CONFEDERATE TRIBUTE: In the city of Little Rock’s MacArthur Park. Encyclopedia of Arkansas photo.

Virginia Gov. Ralph Northam announced this week that the state will remove as soon as possible a massive statue of Robert E. Lee in Richmond.


The Lee statue is on state land. The mayor of Richmond is also making plans to remove statues of other Confederate generals on city property along the city’s Monument Avenue.

The news has been echoed to some degree in Arkansas with the deal reached to remove a Confederate memorial from the Bentonville town square to a private park.


That reminded Jacob Kauffman, now at the Arkansas Democratic Party, of an article he wrote several years ago for NPR about Confederate monuments in Arkansas.

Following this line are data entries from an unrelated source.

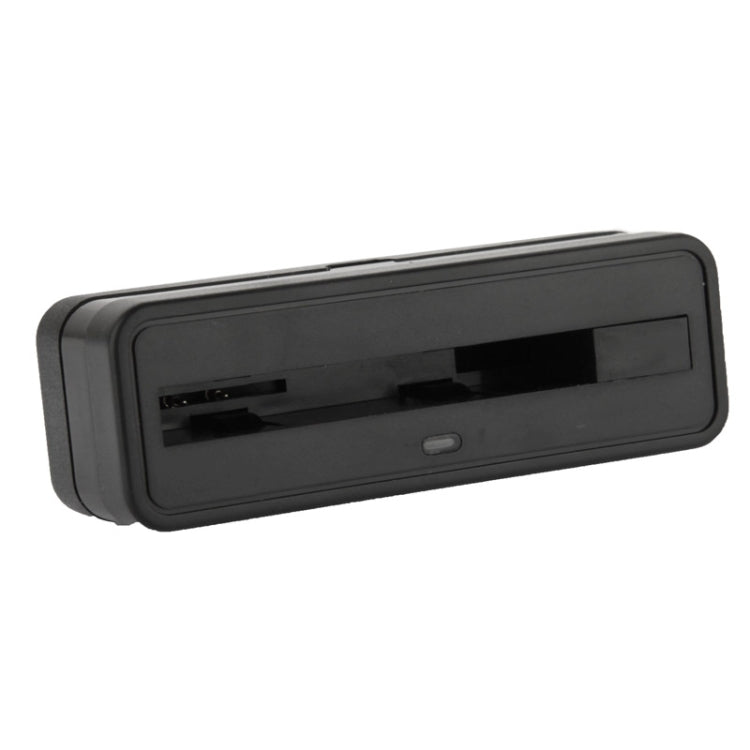 Battery Charger for Galaxy Note III / N9000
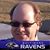 Daniel Keeney's profile image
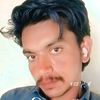 muhammad.yaar703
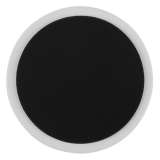 MEMO ROUND MATT - slika 3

It has surprised me, too, that as Black Lives Matter demonstrators have rallied five nights running on the Capitol grounds little has been said about the two Confederate monuments standing amid the protesters, police and militia.


And there’s also the Confederate memorial in the city of Little Rock’s MacArthur Park. Mayor Frank Scott Jr. has spoken movingly from personal experience of understanding the difficulties black people have overcome and still face in an unequal world. He marched with demonstrators one night.

A white mayor in New Orleans stripped that city of Confederate statuary. The black mayor of Richmond is planning to do the same in what was once the capital of the Confederacy. An Indianapolis mayor is following suit.

Is it time for Little Rock?

Or Hot Springs, where a monument stands at the site of two lynchings?


Reference: the MacArthur park statue was paid for by the Sons of Confederate Veterans and is a tribute to Company A of the Capital Guards.

A Confederate soldier statue stands at the northeast corner of the Capitol grounds. Another monument to the south pays tribute to the women of the Confederacy. The Arkansas Democratic Party called for the removal of the statues in 2017. The suggestion was ignored.